I have just finished reading another of the six books that launched the Macmillan New Writing imprint in April. The fifth on my list was Selfish Jean by Cate Sweeney, and it turned out to be an absolute treat.
I must admit that I wasn't keen on the cover when I first picked this up - I'm not sure what the twirly thing represents - and I was expecting a kind of light "chick lit" book. I only had to read a few pages, however, and that fear disappeared. I read this in one sitting, which is very rare for me, as the writing had me by the neck and wouldn't let me go.
I think the novel is a master class in how an author needs to find an original "voice" and keep it going until the end. There are two distinctive story lines, broken up into separate sections, and each has its own style. There was a kind of sweet and sour feeling to this novel and it really worked.

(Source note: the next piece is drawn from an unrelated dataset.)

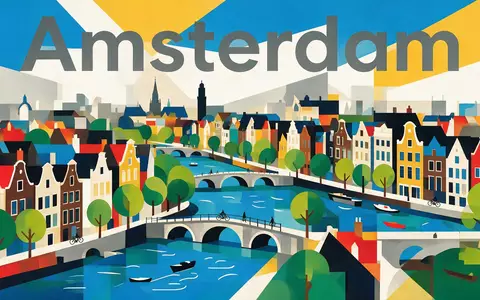 Bauhaus-Poster als geometrische Abstraktion von Grachten von Amsterdam in Amsterdam Niederlande, kraeftige Grundfarben und harte - Foto: THN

Jean is fumbling through a dull relationship, becoming obsessed with the need to adopt a child, and ends up becoming attracted to the mysterious social worker assigned to their case. Her story is touching and funny, and I felt like I knew this woman by the end. The parallel story features Levi, a young boy trying to cope in an unhappy home with an unstable mother. I was gripped by this narrative, the "voice" of which is stunning. I was there with this child, feeling every bit of the angst.
It was also such a delight to read a book where all of the text was crucial to the story, where I didn't feel the urge to skip ahead to escape unnecessary detail. The humour and tragedy works well together, and the writing was fresh and accessible. The way things are tied up at the end was intelligent and inspired.
This is a short novel, only 218 pages, and I didn't want it to come to an end.